Another trend distinguishing this year’s fair is the presentation of designs within curated “rooms”. A special focus on French designer Joseph-André Motte is displayed in a period room setting by New York’s Demisch Danant (G07), while Rotterdam-based Galerie Vivid (G21) is showing contemporary work by Studio Job, Kiki van Eijk and Studio Glithero in a traditionally styled living room. The confidence displayed in the market by these curatorial interventions seems well founded.

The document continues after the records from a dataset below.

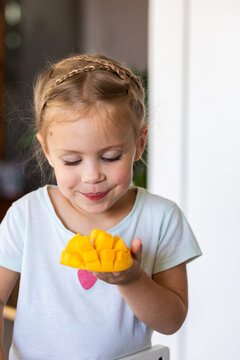 Little Australian girl eating a freshly cut mango fruit in kitchen at home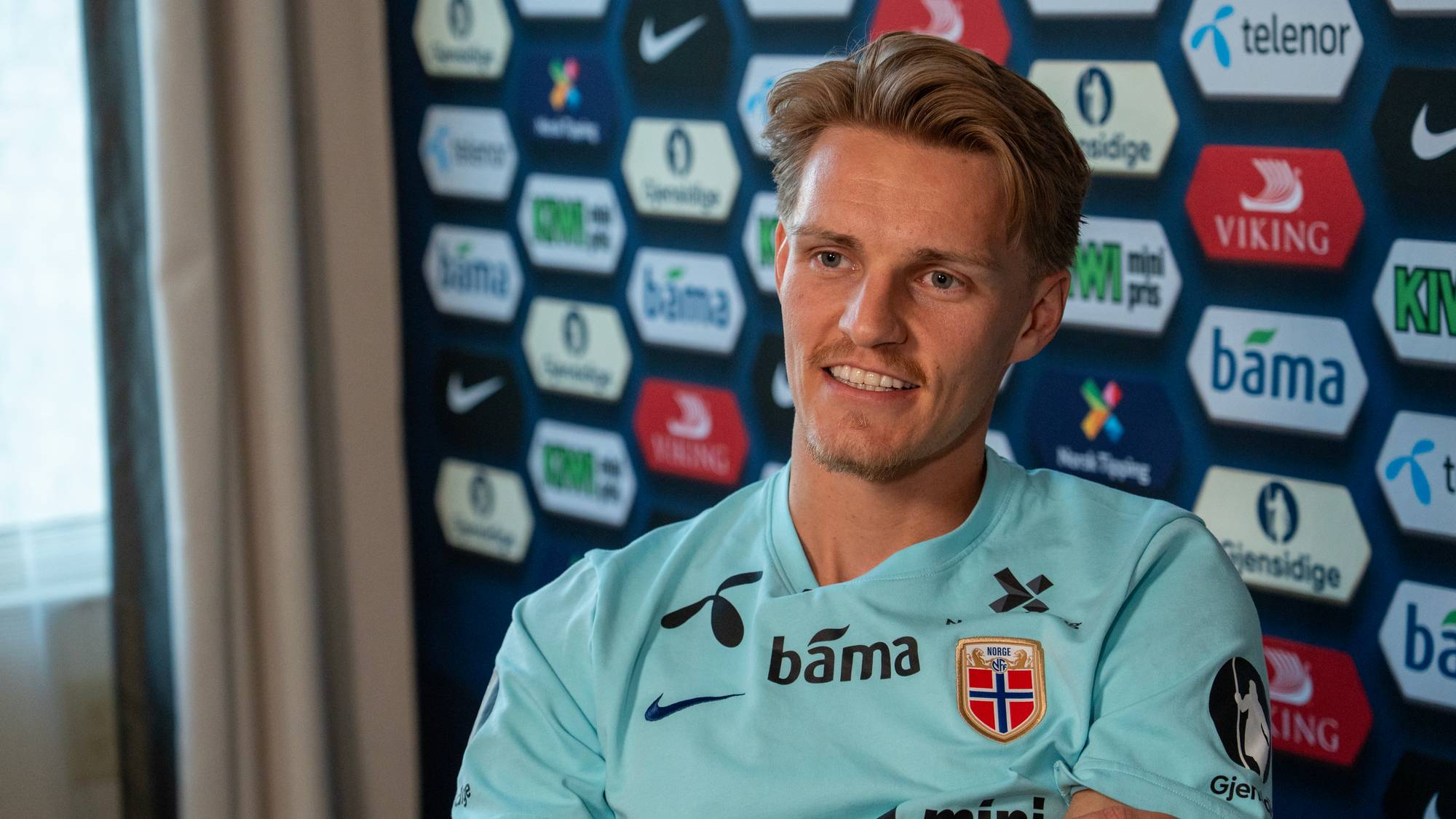 Norsk fotballspiller på et hotellrom blir intervjuet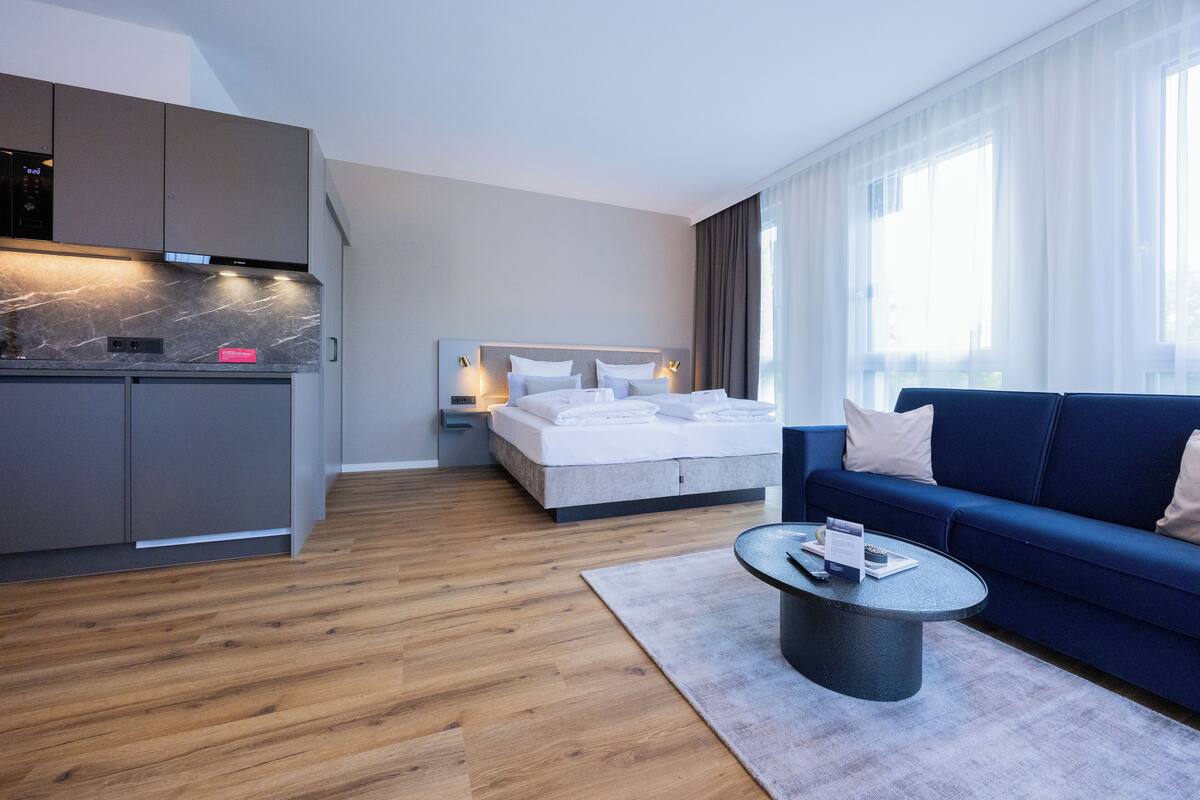 Een moderne hotelkamer met een kitchenette, een bed met witte lakens, een blauwe bank en een ronde salontafel.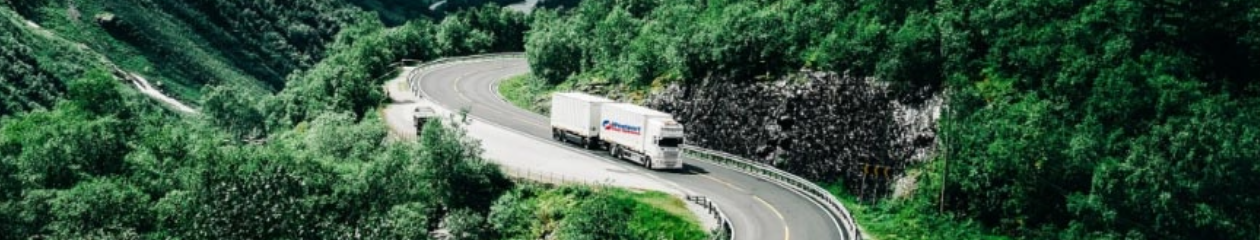 Wesport branded truck driving along a hillside road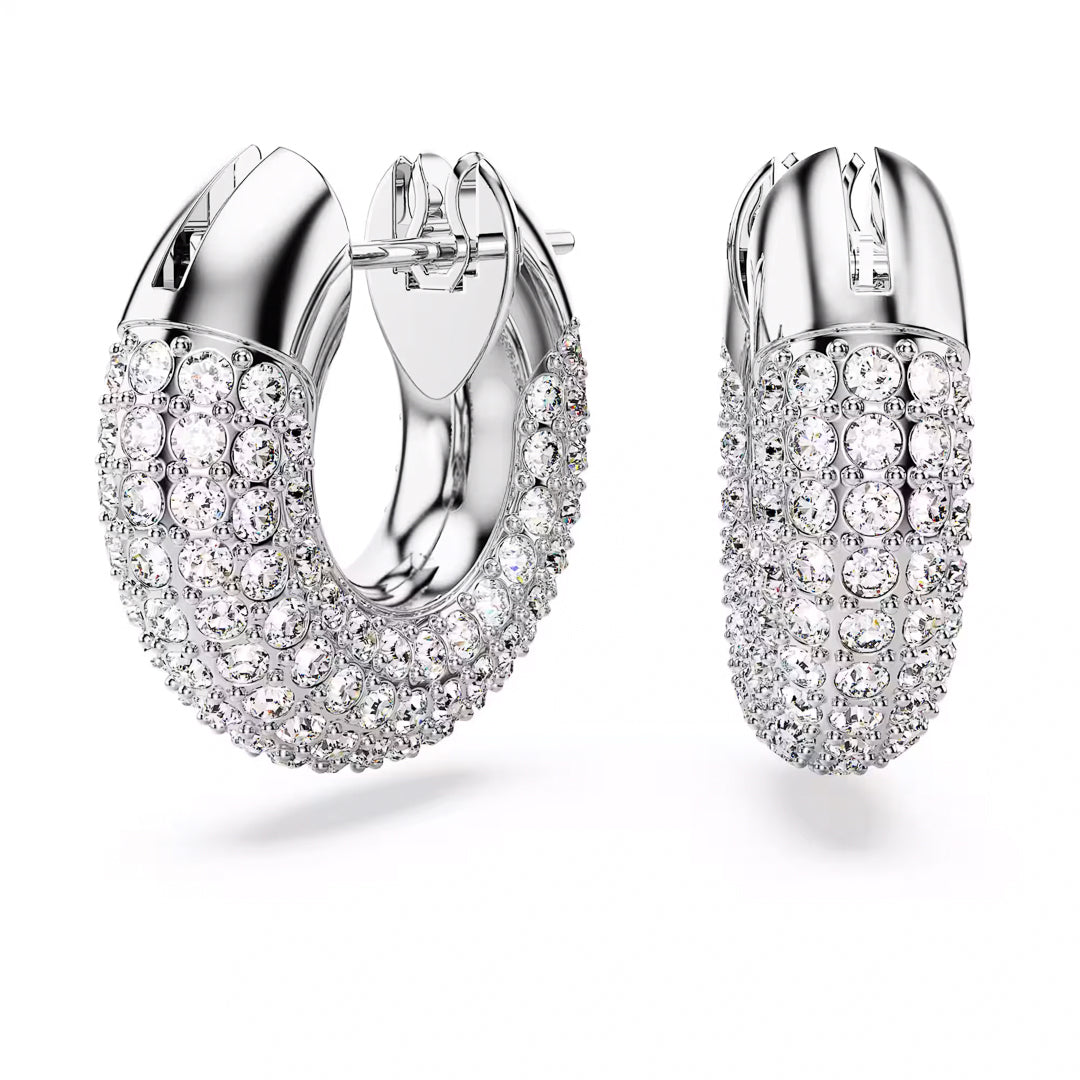 The Swarovski Dextera Hoop Earrings, from the renowned brand Swarovski, feature a polished silver finish adorned with multiple rows of dazzling clear crystals. Their rhodium-plated construction showcases a rounded, chunky design with a secure clasp at the top that brilliantly reflects light.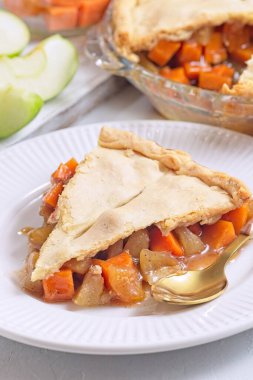 Beyaz tabakta tatlı patates ve elmalı tart, altın kaşıkla, arka planda dilimlenmiş elma, dikey.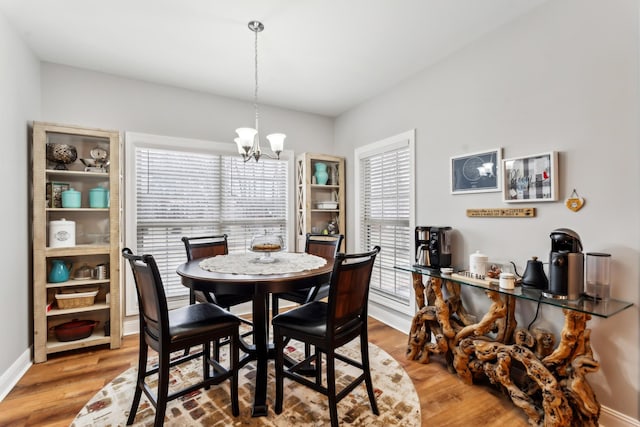 dining area with hardwood / wood-style floors and an inviting chandelier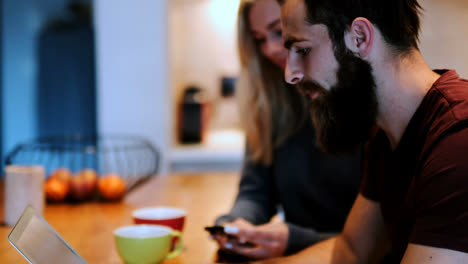 couple using laptop and mobile phone at home 4k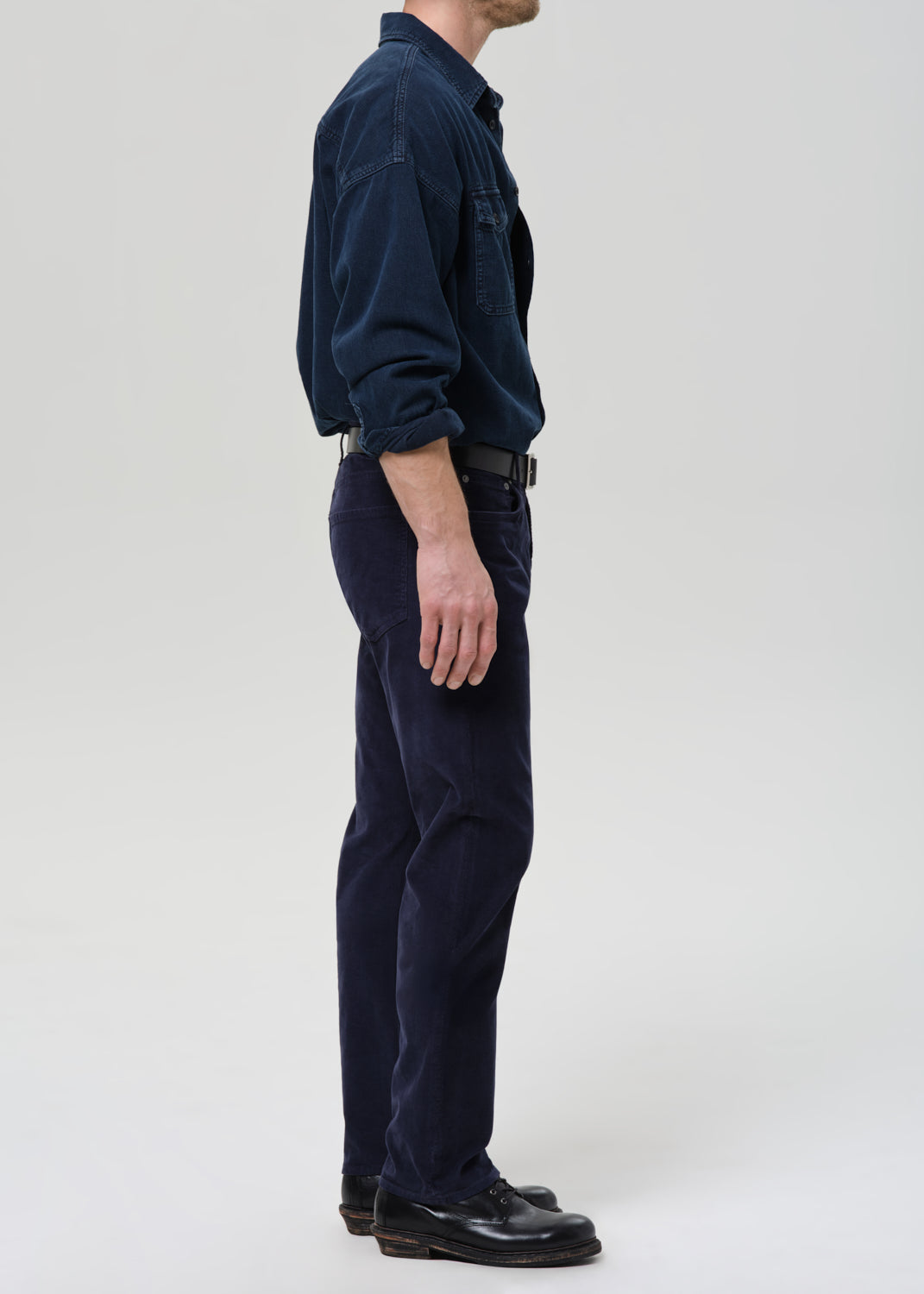 Person wearing a navy blue shirt and pants on a grey background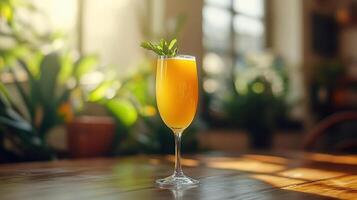 A glass of orange juice on a wooden table. photo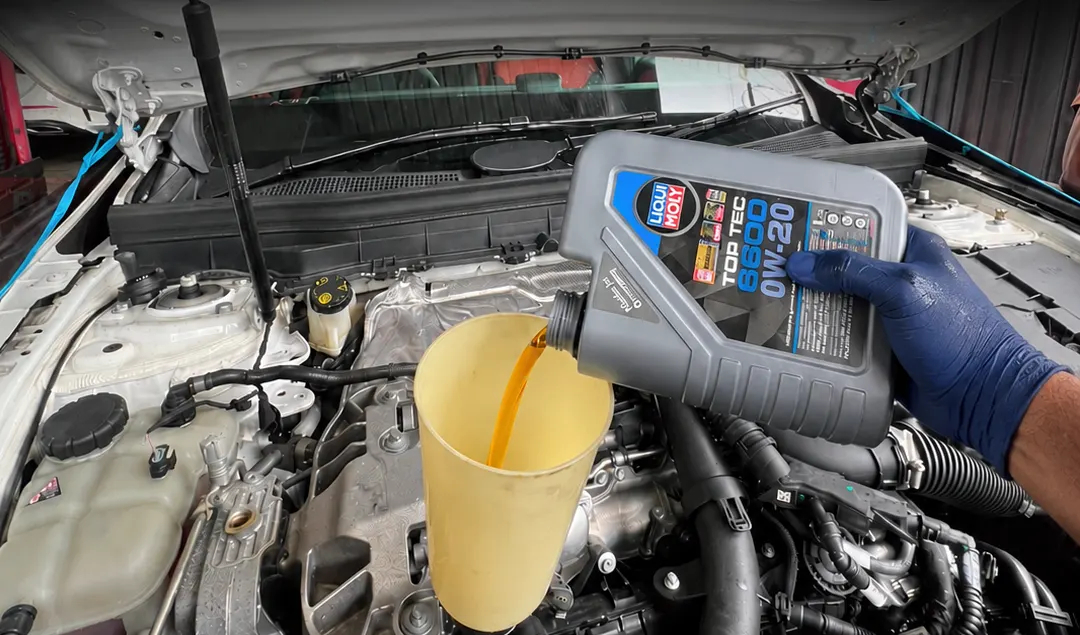 Expert mechanics performing comprehensive European auto diagnostics and routine oil change care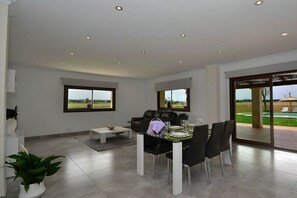 A modern living room with a dining area, large windows, and a view of the outdoors.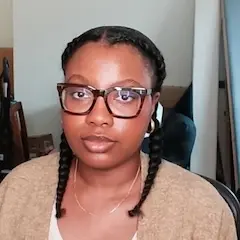 A young woman wearing glasses and her hair in braids sitting in a chair looking at the camera.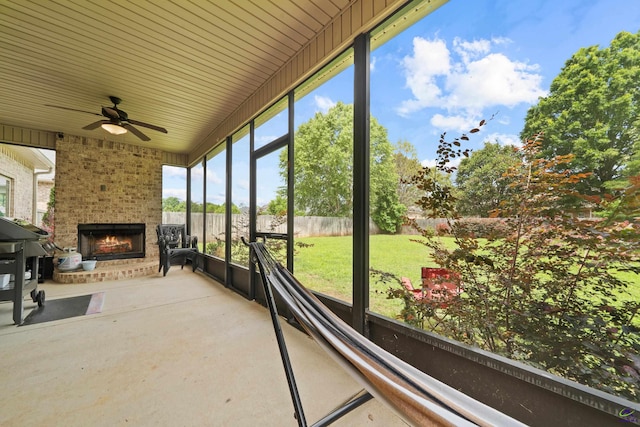 sunroom / solarium featuring a fireplace and a ceiling fan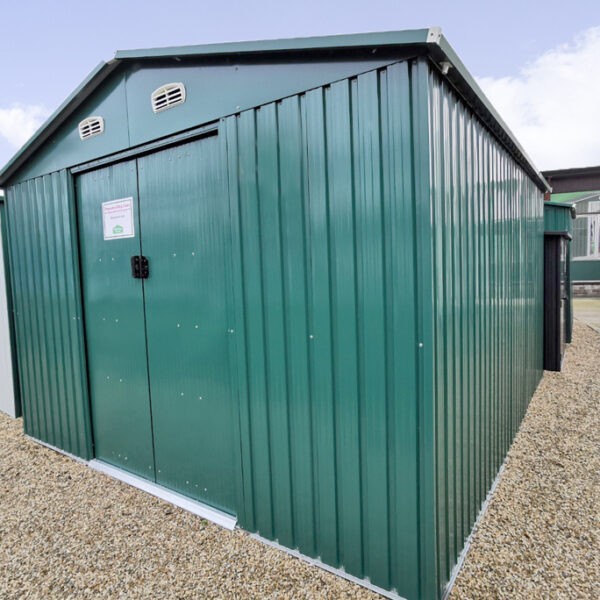 The green colossus shed as seen on the Sheds Direct Ireland showroom lot. It's seen from a low angle and it's a dark shade of green.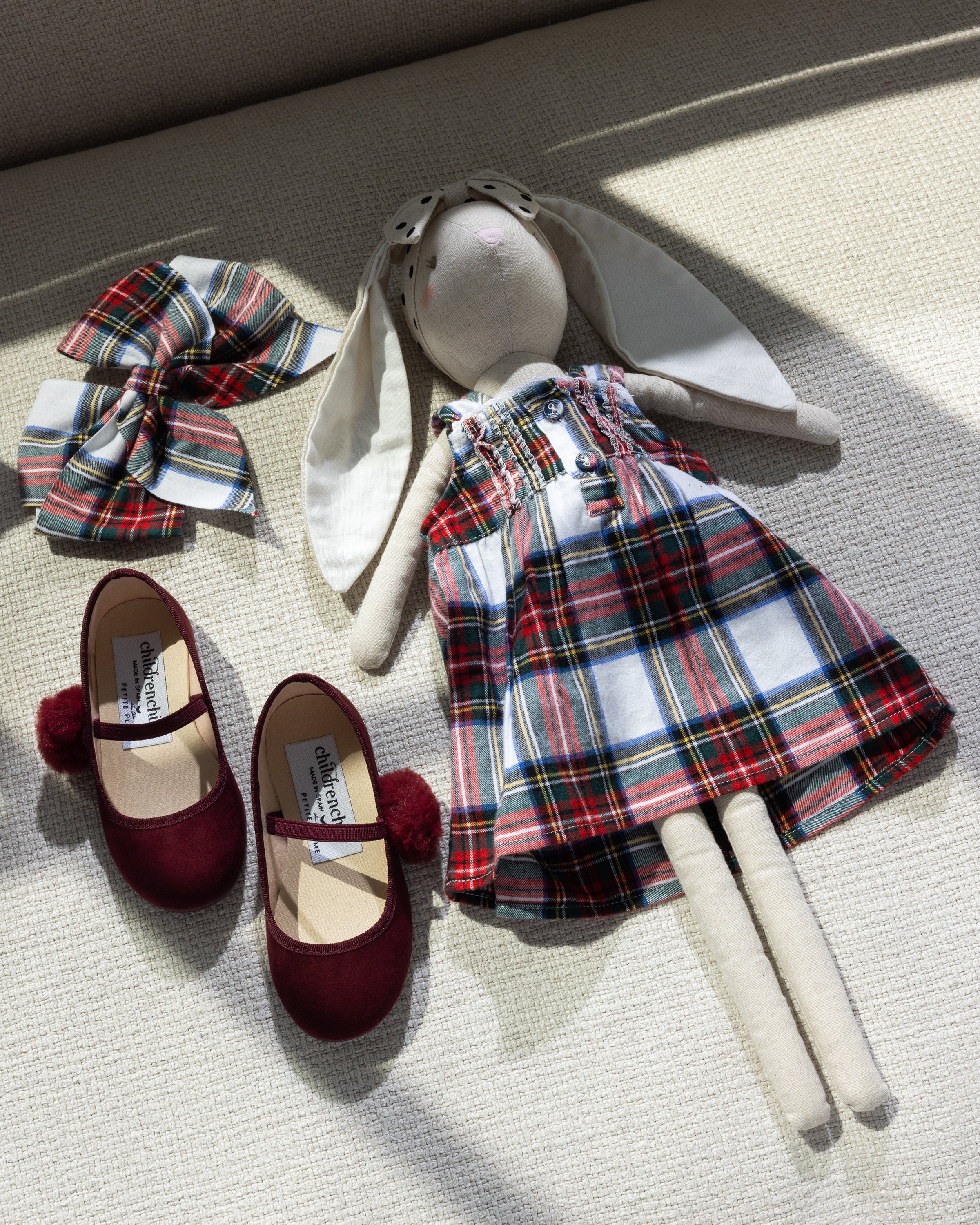 A fabric rabbit doll in a Balmoral Tartan plaid dress rests on a textured surface alongside Petite Plume Girls Hair Bows in Balmoral Tartan and red velvet ballet flats with pom-poms. Sunlight casts soft shadows, creating the perfect holiday gift display.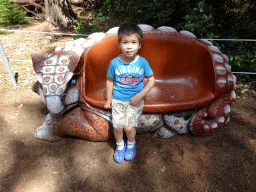 Max sitting on a bench in the shape of an Ankylosaurus in the Oertijdwoud forest of the Oertijdmuseum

Vivid sold Studio Glithero’s Blueware Tiles wall piece (€9,500) while Demisch Danant sold a pair of leather chairs (€26,000) and a pair of floor lamps (price undisclosed).
Dealers are also benefiting from a stronger focus on historical work. Within minutes of the preview opening, New York’s R 20th Century (G13) sold a rare dresser by Greta Magnusson Grossman for $60,000.
“The layout is much better this year—everyone is more visible,” said François Laffanour of Galerie Downtown-François Laffanour (G16) who sold a Jean Prouvé table and six chairs (€120,000) to a Swiss collector.
Newcomers Galerie Ulrich Fiedler (G08), a Berlin-based Bauhaus specialist, and Galerie Doria (G03), a Parisian gallery focusing on early French modernism, joined other 20th-century specialists including Galerie Anne-Sophie Duval (G09), which is showing Jean-Michel Frank designs, and Galerie Chastel-Maréchal (G29), which is featuring important designs from 1930-70.
At the preview, Galerie Ulrich Fiedler sold a Carlo Mollino chair (€96,000) and a Erich Dieckmann chair (€15,000), while Galerie Doria sold a Pierre Chareau table (price undisclosed). Galerie Chastel-Maréchal sold two Line Vautrin mirrors (from a series priced from €18,000 to €120,000) and Galerie Anne-Sophie Duval sold a pair of Alberto Giacometti wall lights (price undisclosed), which the gallery’s Julie Blum said was “one of the most important pieces of our presentation”.